*DATA SHOWN*.

>>>>

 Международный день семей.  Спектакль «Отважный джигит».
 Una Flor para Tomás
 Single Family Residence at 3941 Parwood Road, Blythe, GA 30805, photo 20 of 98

<<<<

Without changing anything, repeat the whole listing.

*YOUR RESPONSE*.
 Международный день семей.  Спектакль «Отважный джигит».
 Una Flor para Tomás
 Single Family Residence at 3941 Parwood Road, Blythe, GA 30805, photo 20 of 98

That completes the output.